Data records:
--------

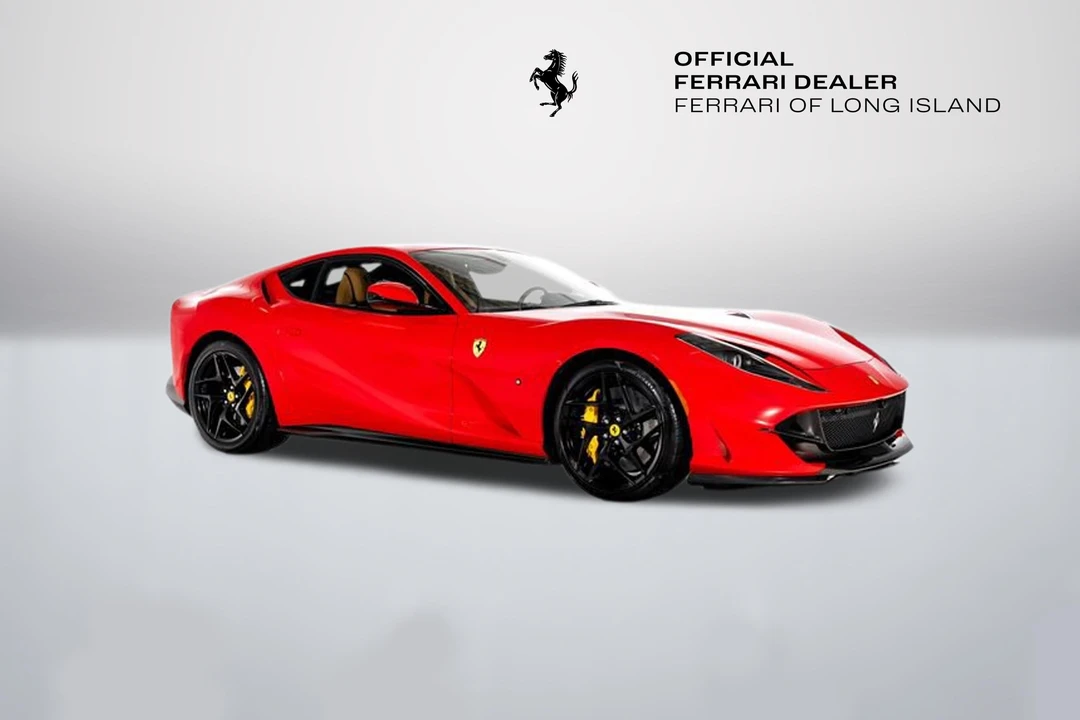 2019 Ferrari 812 Superfast - Image 13 of 31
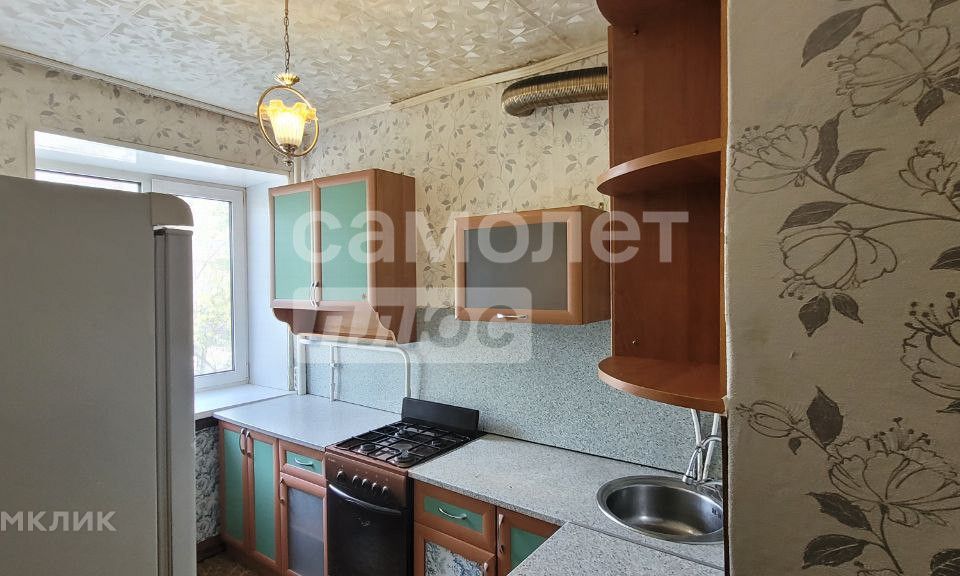 Продаётся 1-комнатная квартира, 32 м²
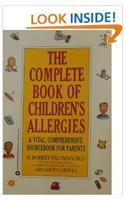 The Complete Book of Children's Allergies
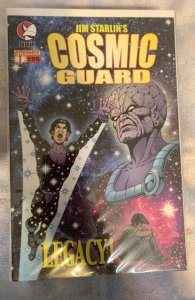 Cosmic Guard #1 (2004)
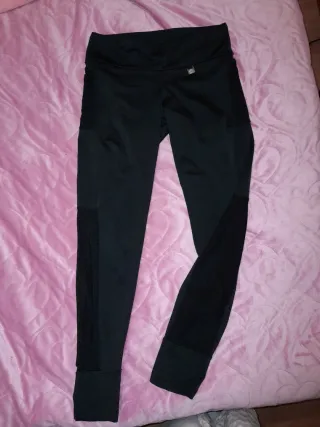 Mallas deportivas o casual, con transparencia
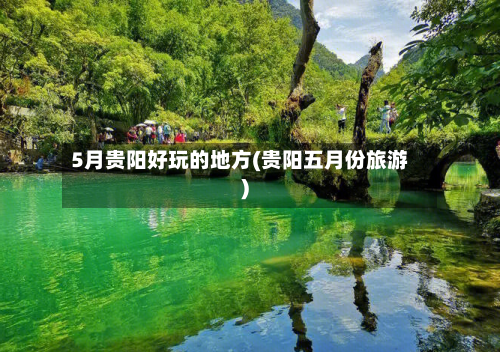 5月贵阳好玩的地方(贵阳五月份旅游)-第2张图片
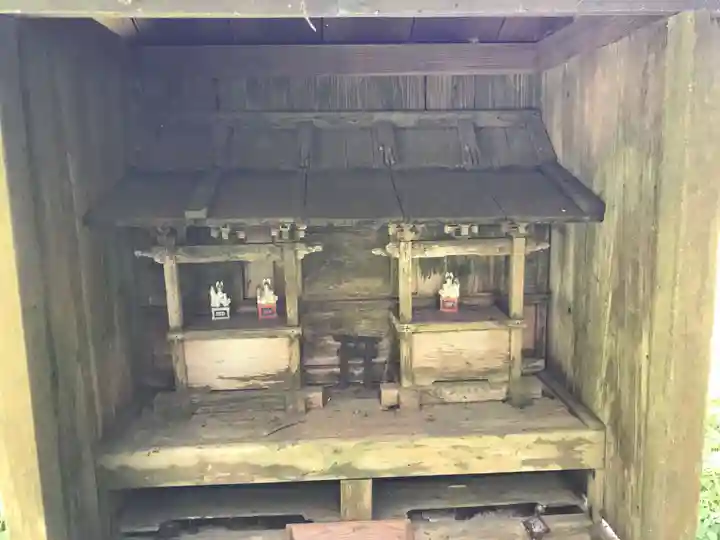 八幡神社のその他建物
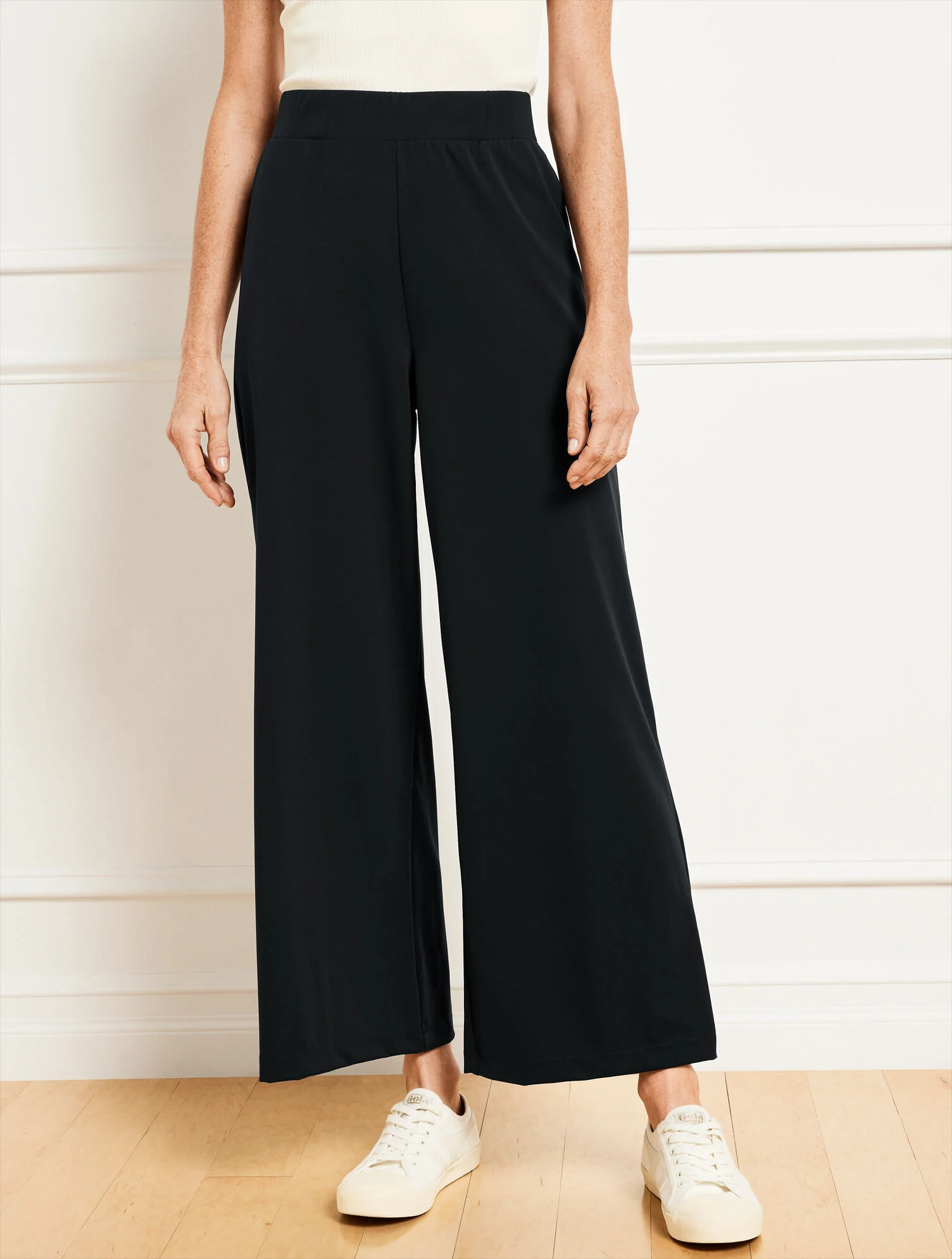 Out & About Wide Leg Pants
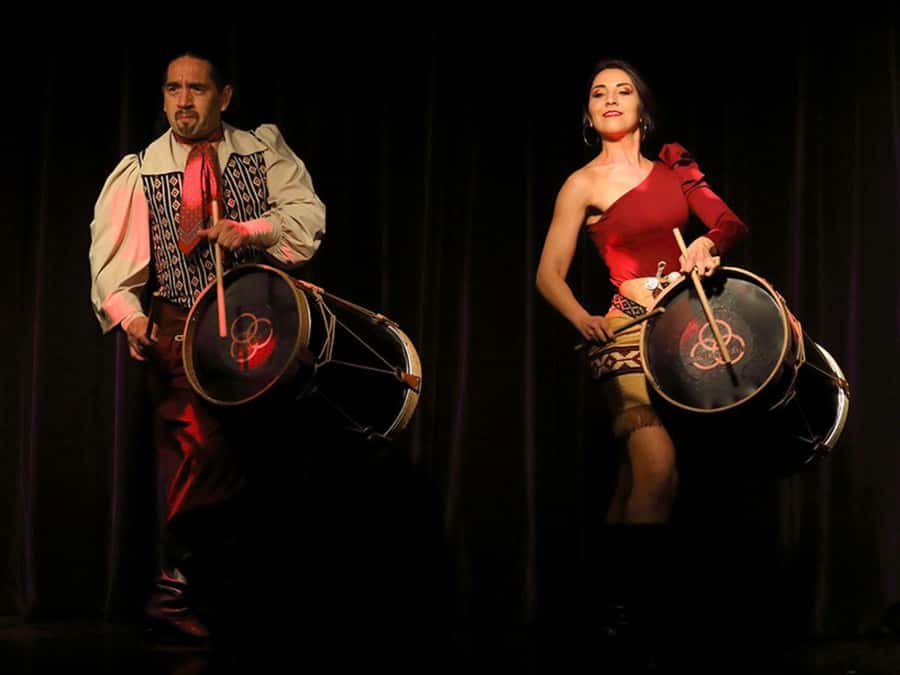 Tango Show at: MichelAngelo - Who will enjoy this evening most?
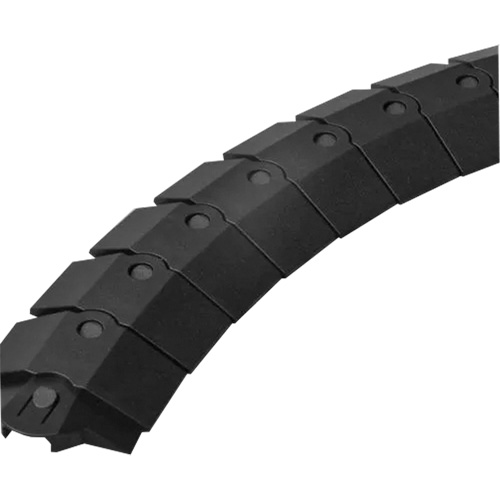 Large Ultra-Sidewinder Cable Protection System&reg; Extension, 14.1" x 9.8" x 1.4", 260 lbs. (0.13 tons) PB Rental Co. Ltd.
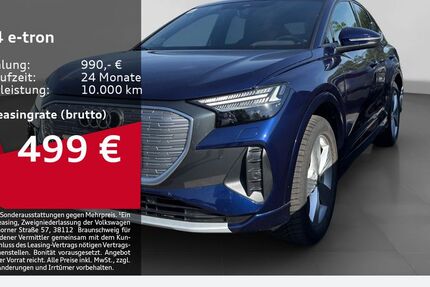 Audi Q4 e-tron 10.442 km 42.230 &euro; Gelsenkirchen 45894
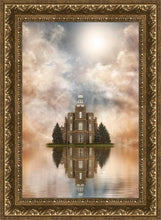 Load image into Gallery viewer, Millennial Reflection Logan Utah Temple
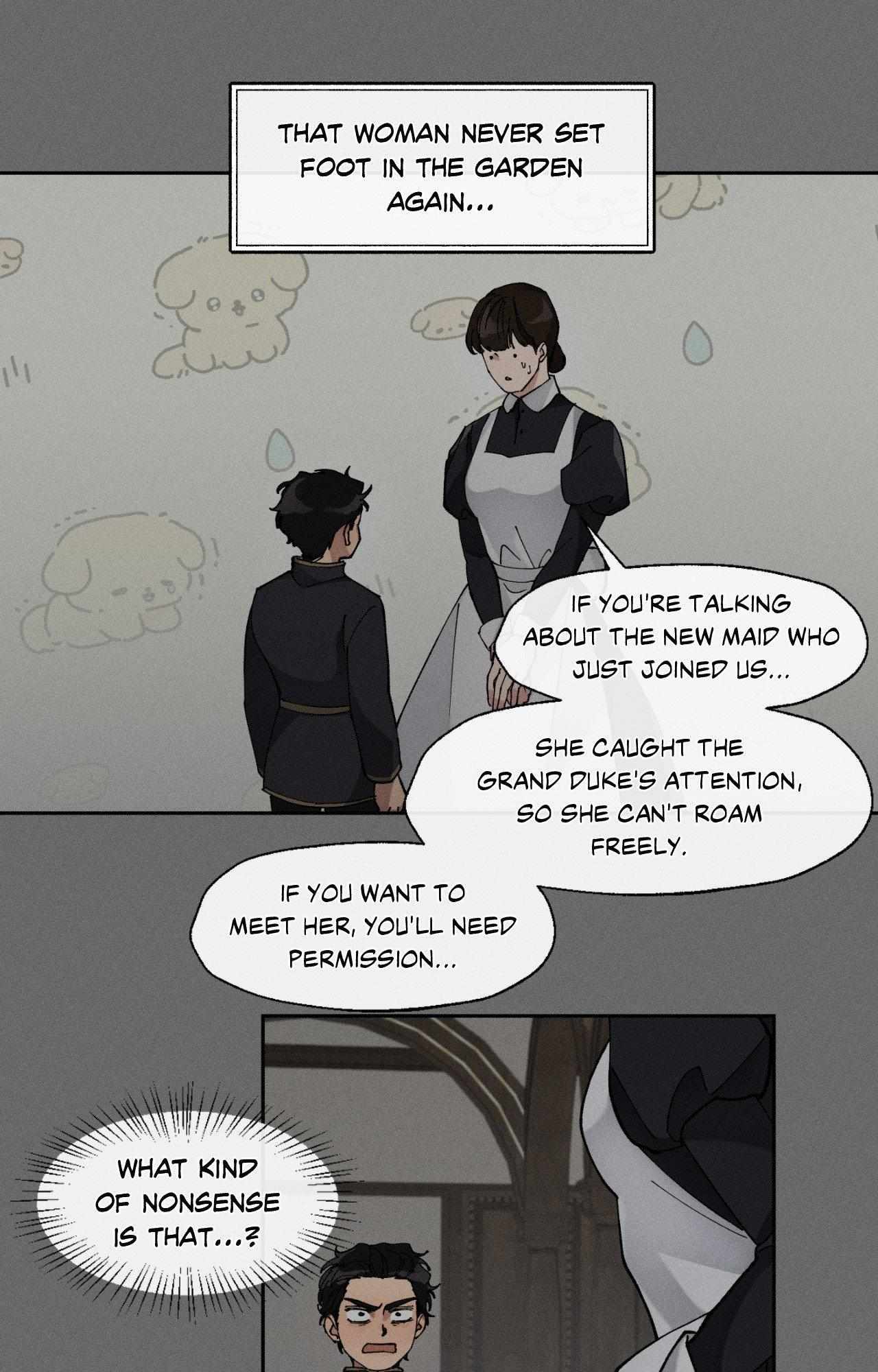 The Beast of Bahal Never Misses Its Prey Chapter 26 page 28 - 
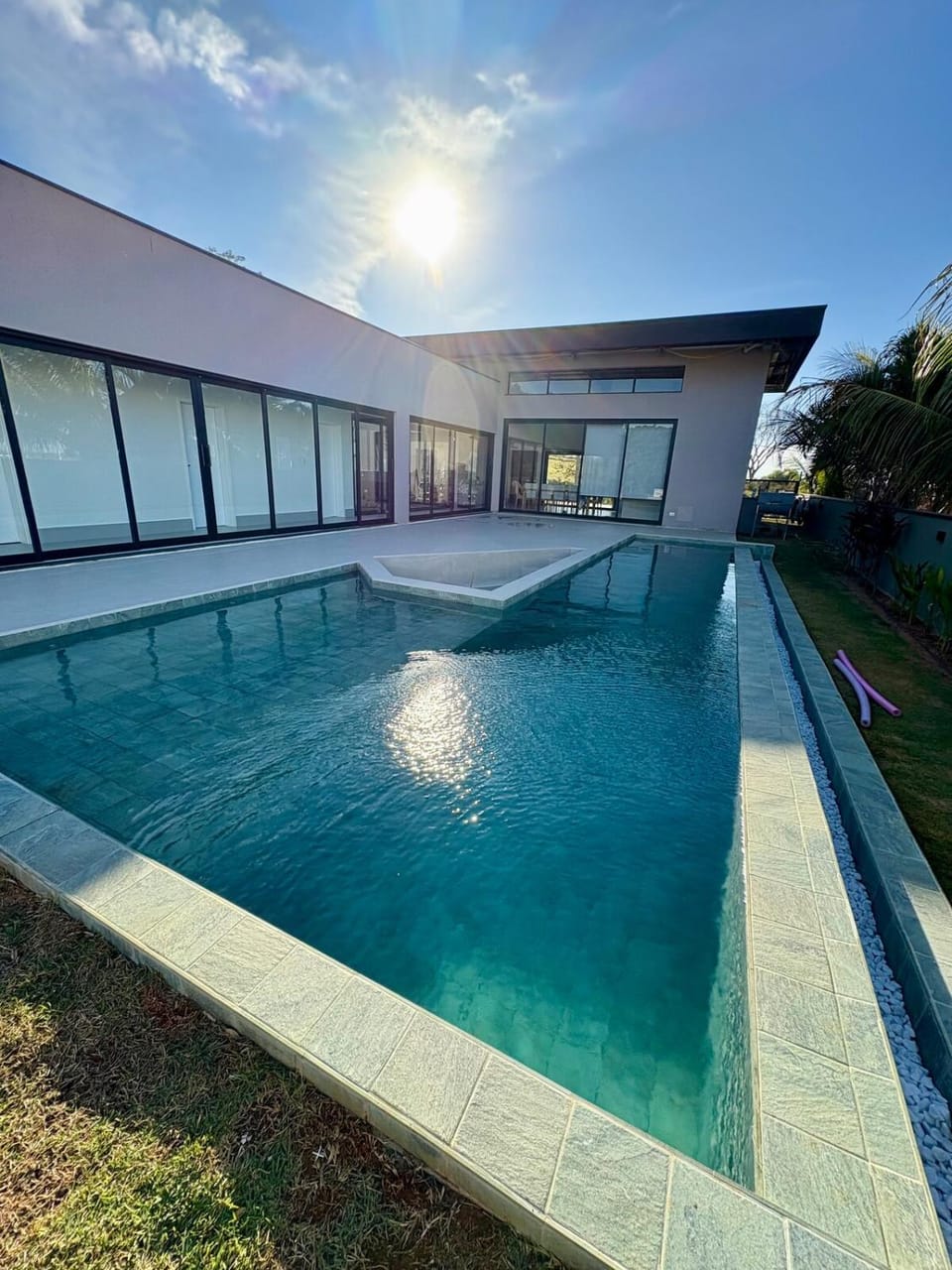 Casa Grada - casa inteligente e ultra Wi-Fi Villa in State of São Paulo
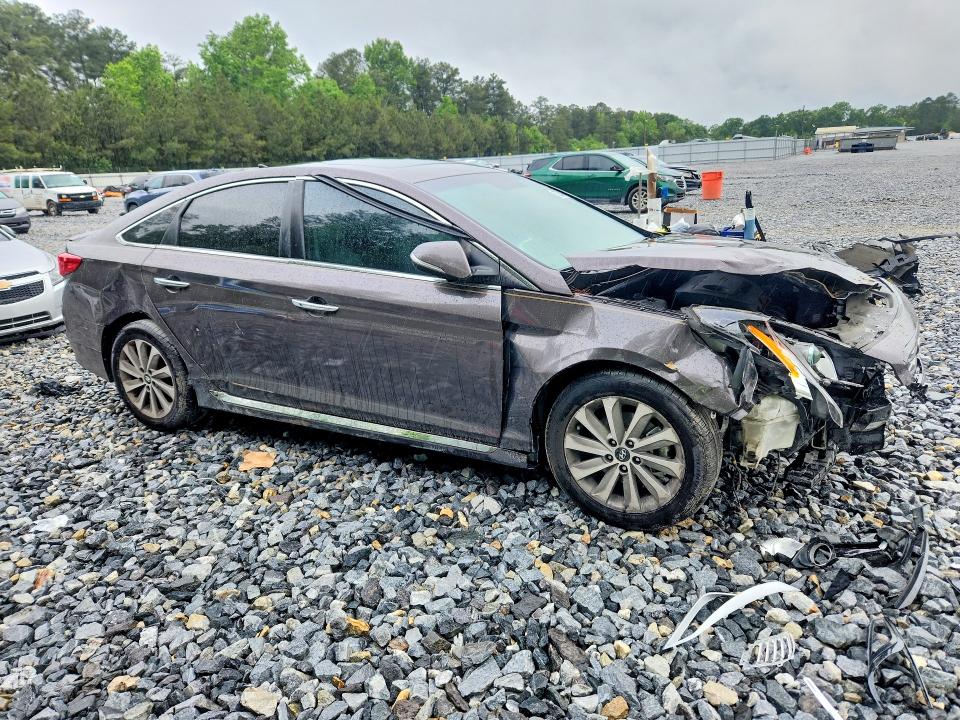 Aukcja sprzedaży 2017 Hyundai Sonata, vin: 5NPE34AF7HH482066, numer aukcji: 52744816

--------

## Exercise requirements:
Leave out the pictures, and please output only the lines from the line that contains "Out & About Wide Leg Pants" through the end of the data, both ends included.

## Reply:
 Out & About Wide Leg Pants
 Tango Show at: MichelAngelo - Who will enjoy this evening most?
 Large Ultra-Sidewinder Cable Protection System&reg; Extension, 14.1" x 9.8" x 1.4", 260 lbs. (0.13 tons) PB Rental Co. Ltd.
 Audi Q4 e-tron 10.442 km 42.230 &euro; Gelsenkirchen 45894
 Load image into Gallery viewer, Millennial Reflection Logan Utah Temple
 The Beast of Bahal Never Misses Its Prey Chapter 26 page 28 - 
 Casa Grada - casa inteligente e ultra Wi-Fi Villa in State of São Paulo
 Aukcja sprzedaży 2017 Hyundai Sonata, vin: 5NPE34AF7HH482066, numer aukcji: 52744816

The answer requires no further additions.